Unity and community is a beautiful thing. Yet, in order for students to attend Harvard, they must leave behind some of their convictions and beliefs. Some Christians may find this concerning that the younger generation of Christians is being highly influenced by Universalism. Christianity simply cannot exist if it is also a Universalist religion. By definition of Christianity, this cannot co-exist.
Additionally, it is important to know what Harvard believes so that prospective students can ensure they are making the decision that is right for them. We live in a nation where religious freedom is highly valued. All individuals should have the right to choose who and what they will believe.
As a result, Harvard might not be the best place for devout Christians to serve and honor the Lord. They may be challenged or questioned to break the commandments in the Bible. It is helpful that they are aware of this before they attend.
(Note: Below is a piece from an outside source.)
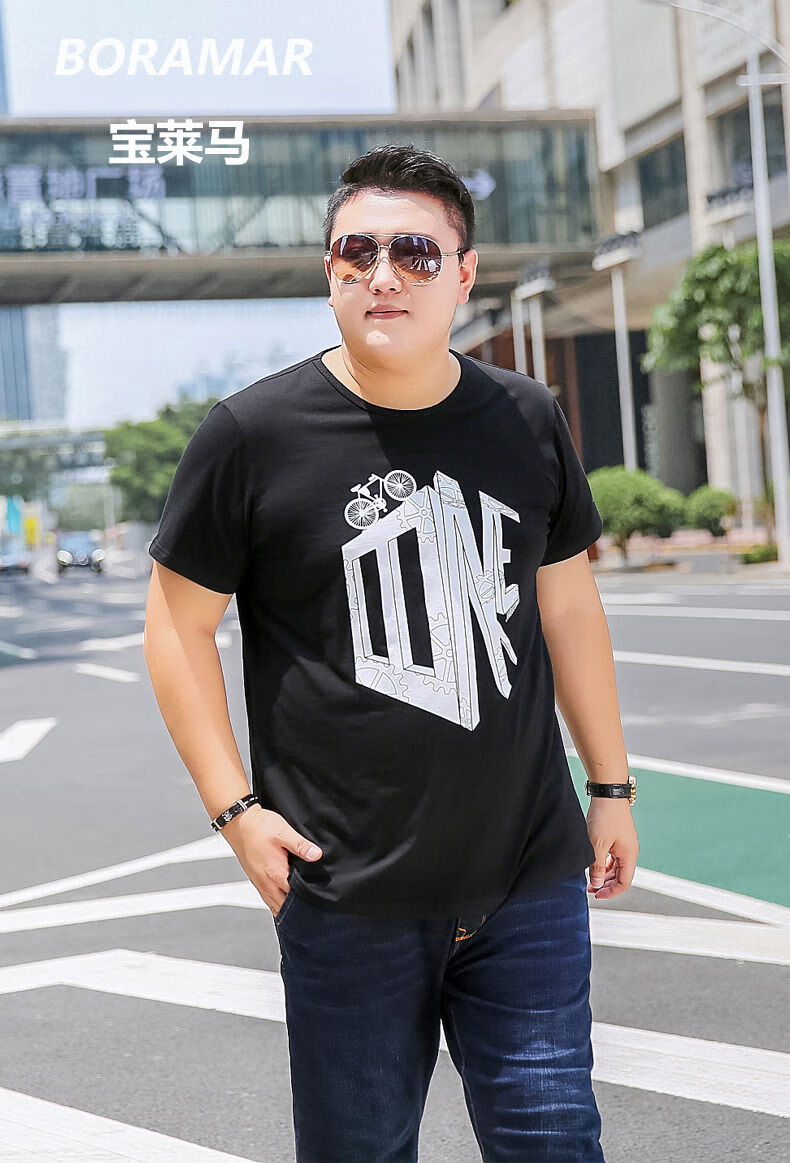 大码男装夏天亚麻加肥加大200斤肥佬男装加肥加大码休闲短袖t恤夏天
Christians can still thrive at Harvard and glean from their programs. Harvard offers great business, medical, and law programs to say the least. However, we do not recommend that Christians attend Harvard seminary since it focuses on numerous religions. For Christians seeking to know only Christian theology, they would benefit from a Christian specific seminary.
This is not to say that it is wrong for Christians to go into settings that are not solely Christian. That would make it impossible for Christians to share the hope, faith, and love that they have received from Christ. Christians can attend Harvard to learn and grow and make an impact.